奈良時代に行基が建立した49院の一つで、行基が開設した久米田池を維持管理するために、天平10年に建てられた隆池院に始まる。
開山以降平安にかけての寺史はつまびらかでない。
建治3年(1277)幕府の命で在京中の北条氏得宗被官の安東蓮聖が熊野詣の折に託宣を受けて久米田寺に参詣しその再興を志したが、当寺が南都東大寺の兼帯するところだったので、執権北条時頼の助力を請うて東大寺僧を兼ねた別当実玄に働きかけ、譲与を受けるに至ったという。
当時久米田寺は寺運衰退して堂塔破壊し、わずかに金堂・多宝塔・寺院2,3宇を存し、他は疎石ばかりという有様だったが、蓮聖は南都西大寺の叡尊の高弟行円房顕尊を講じて開山とし、久米田寺を華厳・戒律・真言の兼学道場として再興した。
南北朝内乱の中で久米田寺は和泉の一拠点として南北両軍のはざまに立ち、宮方、武家方からこもごも寺院と寺領の安堵を受けるなど、その複雑な動きを物語る各種の文書を残している。

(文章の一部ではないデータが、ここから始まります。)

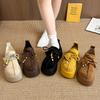 Fashion Lace-up Trifle Platform Single Shoes Women's 2025 New British Style Small Heightened Loafers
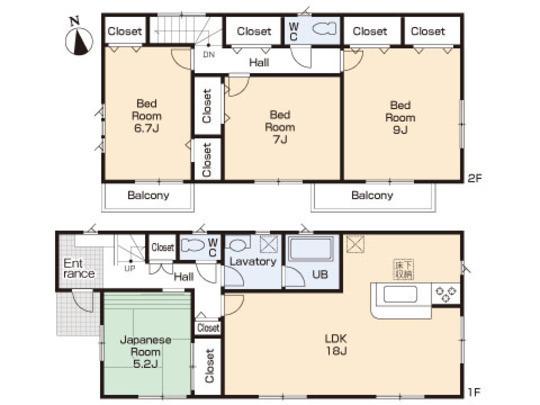 Floor plan. 42,800,000 yen, 4LDK, Land area 146.46 sq m , Building area 109.35 sq m floor plan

内乱の初期には後醍醐天皇綸旨や南軍の禁制が当寺に下されたが、一方同じ頃足利直義が久米田寺に利生塔を建てる旨の御教書を発し、北朝の勅願として久米田寺塔婆の修造を命じた光明院の院宣が下り、直義が同塔に仏舎利2粒を安置するなど、北朝との関係が強まり、また当寺の檀那安藤高泰も尊氏方に付いて登場し、所領包近(かねちか)名上方を寺領に加えている。
永禄5年(1563)三好実休と畠山高政の久米田合戦があったとき堂塔が兵火にかかり、宝物・古文書は槙尾寺(現和泉市)に移して難は免れたが、戦国騒乱の渦中で寺は衰微し、江戸時代に入ってようやく復興に着手、延宝2年(1674)に至って一応再興を成し遂げた。
その後宝暦-明和(1751-72)の修理再建を経て今日に至っている。
現在塔頭として多聞院・五大院・花厳院・阿弥陀院・明王院の五院がある。
星曼荼羅図等多くの国指定重要文化財を蔵する。